**Task instructions**
Copy each line of the data beneath in which the word "Love" appears.

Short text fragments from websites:
_ _ _

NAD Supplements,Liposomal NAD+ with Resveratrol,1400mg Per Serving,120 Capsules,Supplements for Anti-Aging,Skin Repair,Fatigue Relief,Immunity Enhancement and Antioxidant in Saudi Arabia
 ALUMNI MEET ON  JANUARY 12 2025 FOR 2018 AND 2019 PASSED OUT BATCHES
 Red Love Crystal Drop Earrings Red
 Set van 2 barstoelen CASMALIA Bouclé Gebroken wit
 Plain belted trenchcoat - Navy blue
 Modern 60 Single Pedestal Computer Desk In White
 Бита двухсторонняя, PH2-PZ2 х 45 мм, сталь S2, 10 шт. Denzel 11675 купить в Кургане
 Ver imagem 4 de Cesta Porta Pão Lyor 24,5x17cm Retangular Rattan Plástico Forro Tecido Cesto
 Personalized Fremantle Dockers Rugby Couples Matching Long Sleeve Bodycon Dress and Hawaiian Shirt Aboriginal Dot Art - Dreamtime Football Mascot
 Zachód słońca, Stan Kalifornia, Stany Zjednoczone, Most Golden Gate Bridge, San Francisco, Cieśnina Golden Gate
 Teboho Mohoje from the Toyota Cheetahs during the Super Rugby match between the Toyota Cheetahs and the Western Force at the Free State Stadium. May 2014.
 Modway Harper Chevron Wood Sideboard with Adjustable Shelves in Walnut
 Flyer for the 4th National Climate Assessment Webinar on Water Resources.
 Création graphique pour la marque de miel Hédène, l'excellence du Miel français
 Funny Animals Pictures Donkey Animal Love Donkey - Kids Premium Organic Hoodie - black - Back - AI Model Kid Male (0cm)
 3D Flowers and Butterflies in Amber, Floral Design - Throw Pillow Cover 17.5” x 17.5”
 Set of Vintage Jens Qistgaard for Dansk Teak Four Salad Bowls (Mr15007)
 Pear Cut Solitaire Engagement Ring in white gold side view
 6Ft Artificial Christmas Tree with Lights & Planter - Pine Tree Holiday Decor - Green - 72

_ _ _

**Answer section**
 Red Love Crystal Drop Earrings Red
 Funny Animals Pictures Donkey Animal Love Donkey - Kids Premium Organic Hoodie - black - Back - AI Model Kid Male (0cm)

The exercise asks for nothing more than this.